(Stored data)
<<<<
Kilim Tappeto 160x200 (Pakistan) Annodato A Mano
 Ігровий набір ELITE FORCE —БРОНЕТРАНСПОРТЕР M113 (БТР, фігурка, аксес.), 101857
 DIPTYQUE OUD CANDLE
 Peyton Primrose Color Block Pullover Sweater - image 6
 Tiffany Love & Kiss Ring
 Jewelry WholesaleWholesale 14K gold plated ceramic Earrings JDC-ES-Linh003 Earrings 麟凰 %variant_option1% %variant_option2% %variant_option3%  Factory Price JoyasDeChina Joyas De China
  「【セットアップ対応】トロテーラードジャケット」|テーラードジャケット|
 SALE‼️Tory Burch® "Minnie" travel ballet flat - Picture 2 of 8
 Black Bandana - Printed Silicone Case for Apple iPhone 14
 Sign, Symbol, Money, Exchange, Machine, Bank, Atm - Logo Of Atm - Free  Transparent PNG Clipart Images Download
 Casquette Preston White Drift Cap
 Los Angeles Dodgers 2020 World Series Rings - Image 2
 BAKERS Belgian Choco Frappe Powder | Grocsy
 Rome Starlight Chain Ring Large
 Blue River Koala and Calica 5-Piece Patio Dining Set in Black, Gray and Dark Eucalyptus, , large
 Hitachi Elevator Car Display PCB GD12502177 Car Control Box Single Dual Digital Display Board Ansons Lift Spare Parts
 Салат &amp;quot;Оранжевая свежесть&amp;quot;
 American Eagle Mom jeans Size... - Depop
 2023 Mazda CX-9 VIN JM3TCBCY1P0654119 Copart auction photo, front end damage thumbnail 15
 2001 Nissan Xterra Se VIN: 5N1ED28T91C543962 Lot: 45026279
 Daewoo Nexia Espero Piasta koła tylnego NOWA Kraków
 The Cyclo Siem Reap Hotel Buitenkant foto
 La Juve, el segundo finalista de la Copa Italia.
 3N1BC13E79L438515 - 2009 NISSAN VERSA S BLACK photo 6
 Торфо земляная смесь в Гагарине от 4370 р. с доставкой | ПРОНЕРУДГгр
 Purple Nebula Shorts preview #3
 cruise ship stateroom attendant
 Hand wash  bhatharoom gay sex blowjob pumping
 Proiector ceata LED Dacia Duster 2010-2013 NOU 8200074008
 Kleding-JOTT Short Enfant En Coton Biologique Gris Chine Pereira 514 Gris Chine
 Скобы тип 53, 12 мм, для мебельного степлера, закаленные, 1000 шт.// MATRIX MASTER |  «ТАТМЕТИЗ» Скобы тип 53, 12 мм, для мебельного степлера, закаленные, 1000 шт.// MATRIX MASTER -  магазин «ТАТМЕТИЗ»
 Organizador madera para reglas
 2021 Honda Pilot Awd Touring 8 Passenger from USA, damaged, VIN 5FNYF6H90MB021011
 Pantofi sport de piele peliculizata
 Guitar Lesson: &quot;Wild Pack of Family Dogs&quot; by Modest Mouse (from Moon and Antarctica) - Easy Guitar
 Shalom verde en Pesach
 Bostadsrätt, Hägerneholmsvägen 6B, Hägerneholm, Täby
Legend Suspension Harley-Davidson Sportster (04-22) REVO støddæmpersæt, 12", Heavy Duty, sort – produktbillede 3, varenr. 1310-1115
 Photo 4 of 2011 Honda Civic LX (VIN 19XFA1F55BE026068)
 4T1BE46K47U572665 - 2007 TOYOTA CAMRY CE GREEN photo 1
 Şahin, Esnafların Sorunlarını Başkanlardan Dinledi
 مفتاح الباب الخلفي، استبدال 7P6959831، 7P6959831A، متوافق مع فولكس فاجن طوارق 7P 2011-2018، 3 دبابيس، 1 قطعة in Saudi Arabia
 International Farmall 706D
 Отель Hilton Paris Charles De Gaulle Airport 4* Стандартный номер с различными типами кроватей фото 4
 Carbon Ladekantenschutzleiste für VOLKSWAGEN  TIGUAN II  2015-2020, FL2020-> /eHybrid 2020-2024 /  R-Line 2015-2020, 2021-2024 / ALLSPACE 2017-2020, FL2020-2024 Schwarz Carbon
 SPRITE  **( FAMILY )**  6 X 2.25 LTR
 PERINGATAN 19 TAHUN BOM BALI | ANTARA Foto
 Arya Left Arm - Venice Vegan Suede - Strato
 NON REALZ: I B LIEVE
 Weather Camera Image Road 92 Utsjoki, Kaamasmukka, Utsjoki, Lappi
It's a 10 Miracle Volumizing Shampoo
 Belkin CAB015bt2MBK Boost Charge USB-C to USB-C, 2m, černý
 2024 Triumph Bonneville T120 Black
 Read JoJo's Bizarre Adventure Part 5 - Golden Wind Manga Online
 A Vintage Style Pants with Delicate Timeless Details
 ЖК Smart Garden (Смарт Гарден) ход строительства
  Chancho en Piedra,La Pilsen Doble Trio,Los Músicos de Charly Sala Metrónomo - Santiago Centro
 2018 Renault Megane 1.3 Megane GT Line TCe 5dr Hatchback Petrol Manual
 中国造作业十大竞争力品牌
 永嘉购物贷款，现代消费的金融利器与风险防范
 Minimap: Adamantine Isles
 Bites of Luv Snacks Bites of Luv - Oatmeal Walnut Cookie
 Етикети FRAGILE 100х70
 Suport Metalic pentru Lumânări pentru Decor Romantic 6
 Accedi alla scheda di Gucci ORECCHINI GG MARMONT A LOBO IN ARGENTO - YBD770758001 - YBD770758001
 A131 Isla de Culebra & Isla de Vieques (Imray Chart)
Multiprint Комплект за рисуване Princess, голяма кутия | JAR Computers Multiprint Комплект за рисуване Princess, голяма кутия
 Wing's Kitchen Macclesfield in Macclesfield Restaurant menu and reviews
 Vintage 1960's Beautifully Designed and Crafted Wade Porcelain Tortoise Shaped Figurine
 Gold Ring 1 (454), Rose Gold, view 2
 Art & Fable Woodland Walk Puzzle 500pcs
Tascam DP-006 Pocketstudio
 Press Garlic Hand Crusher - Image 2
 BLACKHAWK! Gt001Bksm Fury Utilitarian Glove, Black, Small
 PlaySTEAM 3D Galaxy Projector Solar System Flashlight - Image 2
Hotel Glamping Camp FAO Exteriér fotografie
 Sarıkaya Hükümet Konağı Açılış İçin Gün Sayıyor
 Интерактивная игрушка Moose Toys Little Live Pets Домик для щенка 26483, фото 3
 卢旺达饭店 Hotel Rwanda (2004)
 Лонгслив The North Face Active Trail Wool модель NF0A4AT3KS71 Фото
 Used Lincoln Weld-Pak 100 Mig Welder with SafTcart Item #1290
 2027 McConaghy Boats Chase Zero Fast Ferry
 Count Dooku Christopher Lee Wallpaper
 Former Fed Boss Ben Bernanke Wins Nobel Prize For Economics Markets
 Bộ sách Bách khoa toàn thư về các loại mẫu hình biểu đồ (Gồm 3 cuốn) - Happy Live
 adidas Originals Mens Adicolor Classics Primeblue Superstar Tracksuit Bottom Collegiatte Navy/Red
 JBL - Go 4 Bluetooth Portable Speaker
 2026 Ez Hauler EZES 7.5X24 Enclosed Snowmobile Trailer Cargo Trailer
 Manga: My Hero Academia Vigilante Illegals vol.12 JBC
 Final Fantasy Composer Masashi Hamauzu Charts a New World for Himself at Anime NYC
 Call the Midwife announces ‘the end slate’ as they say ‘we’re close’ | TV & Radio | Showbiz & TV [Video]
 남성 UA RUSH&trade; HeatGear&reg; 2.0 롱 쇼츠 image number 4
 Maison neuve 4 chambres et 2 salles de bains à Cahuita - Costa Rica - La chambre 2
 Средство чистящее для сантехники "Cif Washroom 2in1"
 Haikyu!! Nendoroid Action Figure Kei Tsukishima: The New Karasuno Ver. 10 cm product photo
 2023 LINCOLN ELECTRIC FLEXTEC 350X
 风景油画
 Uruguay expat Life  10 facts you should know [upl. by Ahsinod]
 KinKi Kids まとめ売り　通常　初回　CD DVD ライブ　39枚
>>>>
(Exercise instructions)
Reproduce, exactly and in full, the lines from the one that contains "Manga: My Hero" to the end of the material.

(Response to this task)
 Manga: My Hero Academia Vigilante Illegals vol.12 JBC
 Final Fantasy Composer Masashi Hamauzu Charts a New World for Himself at Anime NYC
 Call the Midwife announces ‘the end slate’ as they say ‘we’re close’ | TV & Radio | Showbiz & TV [Video]
 남성 UA RUSH&trade; HeatGear&reg; 2.0 롱 쇼츠 image number 4
 Maison neuve 4 chambres et 2 salles de bains à Cahuita - Costa Rica - La chambre 2
 Средство чистящее для сантехники "Cif Washroom 2in1"
 Haikyu!! Nendoroid Action Figure Kei Tsukishima: The New Karasuno Ver. 10 cm product photo
 2023 LINCOLN ELECTRIC FLEXTEC 350X
 风景油画
 Uruguay expat Life  10 facts you should know [upl. by Ahsinod]
 KinKi Kids まとめ売り　通常　初回　CD DVD ライブ　39枚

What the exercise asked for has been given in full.